Parlare della Nakba palestinese agli israeliani, ricordare quella che per il popolo palestinese è considerata la catastrofe del 1948. Questo è il difficile obiettivo dell'organizzazione non governativa israeliana Zochrot, fondata nel 2002 per promuovere le visite ai villaggi palestinesi distrutti nella guerra di metà Novecento.
(Milano) – Parlare della Nakba palestinese agli israeliani, ricordare quella che per il popolo palestinese è considerata la catastrofe del 1948, costruire una memoria alternativa a quella sionista. È questo il difficile obiettivo dell’organizzazione non governativa israeliana Zochrot (vocabolo traducibile con «memoria, rimembranza»), fondata nel 2002. L’associazione, con sede a Gerusalemme, propone una forma di memoria che viene spesso dimenticata e fatta tacere.

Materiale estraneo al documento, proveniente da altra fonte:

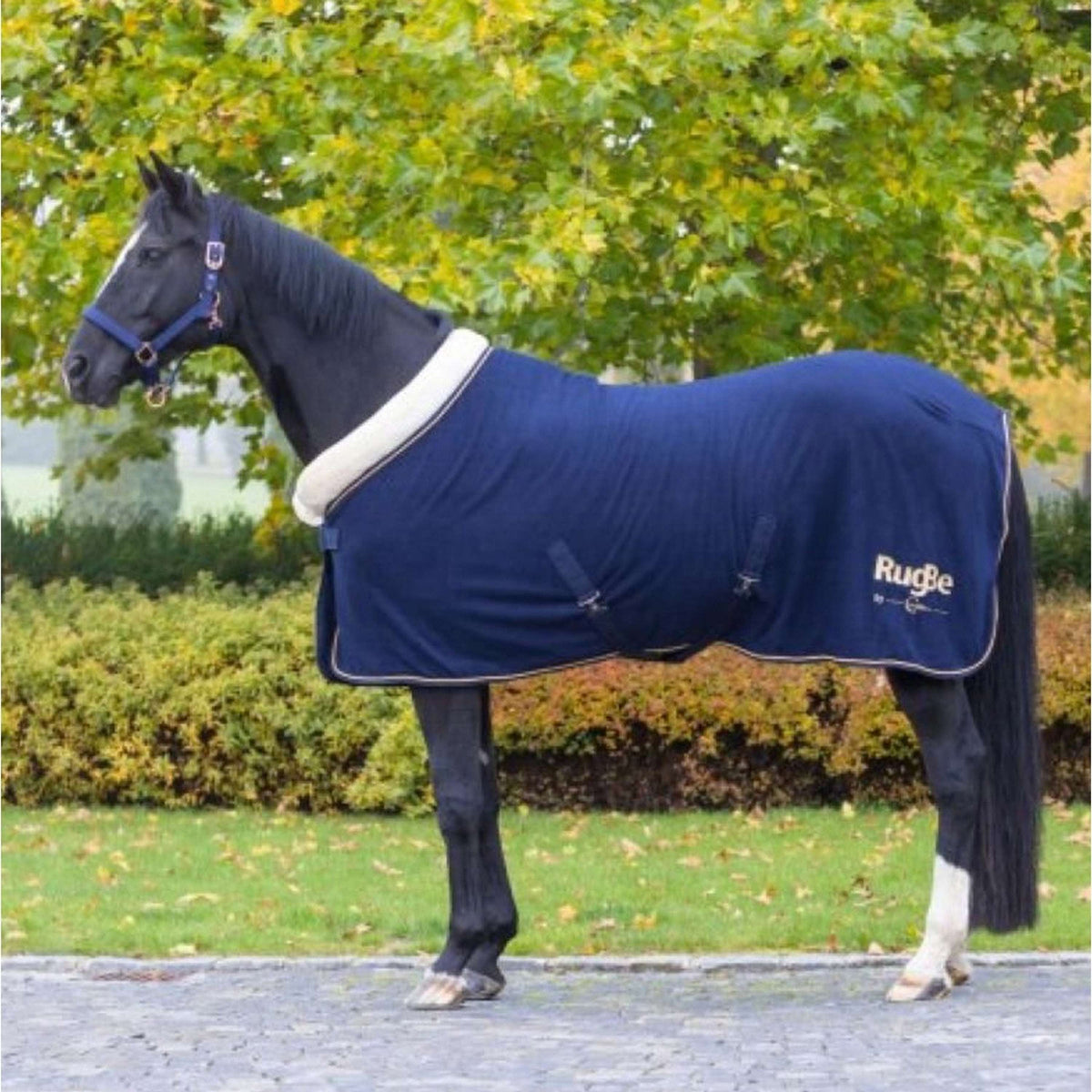 Covalliero Fleecedeken RugBe Royal Dark Navy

Come spiega Norma Musih, un’insegnante di Jaffa, membro di Zochrot, ogni ebreo israeliano, fin dall’infanzia, viene influenzato dalla propaganda sionista e dall’idea che quella di Israele fosse una «terra senza un popolo» per un «popolo senza terra». Pertanto il processo del ricordo, collettivo e non esclusivo, costituisce il primo passo per il riconoscimento della Nakba palestinese, l’espulsione di circa 750 mila palestinesi (circa il 75 per cento della popolazione di allora) a seguito della dichiarazione di indipendenza dello Stato di Israele nel 1948. Rimembrare significa ricostruire un’identità collettiva basata sul riconoscimento della storia e delle tragedie dell’altro, e questo processo non può che costituire le fondamenta per poter costruire una pace giusta ed equa per i due popoli.

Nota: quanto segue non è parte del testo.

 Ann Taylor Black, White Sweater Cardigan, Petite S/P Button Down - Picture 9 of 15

La principale attività che Zochrot propone per diffondere una conoscenza ed una consapevolezza collettiva è l’organizzazione di visite per palestinesi ed ebrei israeliani ai villaggi palestinesi distrutti da Israele nel 1948. «Ci sono tracce che nessuno può cancellare e che rimarranno per sempre vive a testimoniare le tragedie del passato» racconta Abdallah, un giovane palestinese di Gerusalemme che ha preso parte a un tour di Zochrot a Lifta, uno dei pochi villaggi palestinesi le cui rovine si sono conservate fino ad oggi. Lifta sorge in una verde vallata, silenziosa e tranquilla, a pochi minuti dalla stazione centrale degli autobus di Gerusalemme Ovest. È sufficiente percorrere un breve sentiero che scende ripido nella valle per scoprire una sorta di mondo parallelo, originale e genuino, lontano dal caos e dal rumore sovrastanti. Nel 1948 le forze sioniste uccisero alcuni residenti e costrinsero alla fuga tutti i 3.000 abitanti del villaggio. Da quel momento ai palestinesi non è più stato permesso tornare a vivere nelle case dei loro nonni e le generazioni successive sono cresciute, da profughi, in Israele, Palestina e Giordania. Oggi nelle rovine delle case ancora intatte vivono alcune famiglie di ebrei israeliani e la suggestiva fonte del villaggio è diventata un luogo sacro per gli ebrei ortodossi.
«I miei nonni vivevano qui, questa era la loro terra» continua Abdallah. «Ogni volta che vengo a visitare Lifta, entro nella casa che sarebbe dovuta essere mia e cerco di immaginare come poteva essere la vita in questo meraviglioso posto: mi affaccio alla finestra, ascolto il cinguettio degli uccelli e il fruscio del vento, contemplo la natura e mi perdo nella bellezza e nel silenzio del luogo».
Amer ha deciso di partecipare al tour di Zochrot perché crede nell’importanza del dialogo, dialogo che può partire solamente dalla conoscenza, dalla memoria, dal riconoscimento dell’altro. «Non ci potrà mai essere né collaborazione né cooperazione con quegli ebrei israeliani che non riconoscono la catastrofe palestinese del 1948», spiega. «Si tratta di una delle questioni più spinose di questo conflitto che dura da quasi 65 anni. E tramite Zochrot ho trovato una via per raccontare a centinaia di ebrei israeliani la mia storia, che è la storia del popolo palestinese» conclude Amer.